WHAT YOU NEED TO DO:
Restate the whole listing exactly.

PROVIDED DATA:
============================================================

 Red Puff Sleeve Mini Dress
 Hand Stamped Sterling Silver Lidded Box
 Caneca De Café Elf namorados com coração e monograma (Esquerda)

============================================================

YOUR SOLUTION:
 Red Puff Sleeve Mini Dress
 Hand Stamped Sterling Silver Lidded Box
 Caneca De Café Elf namorados com coração e monograma (Esquerda)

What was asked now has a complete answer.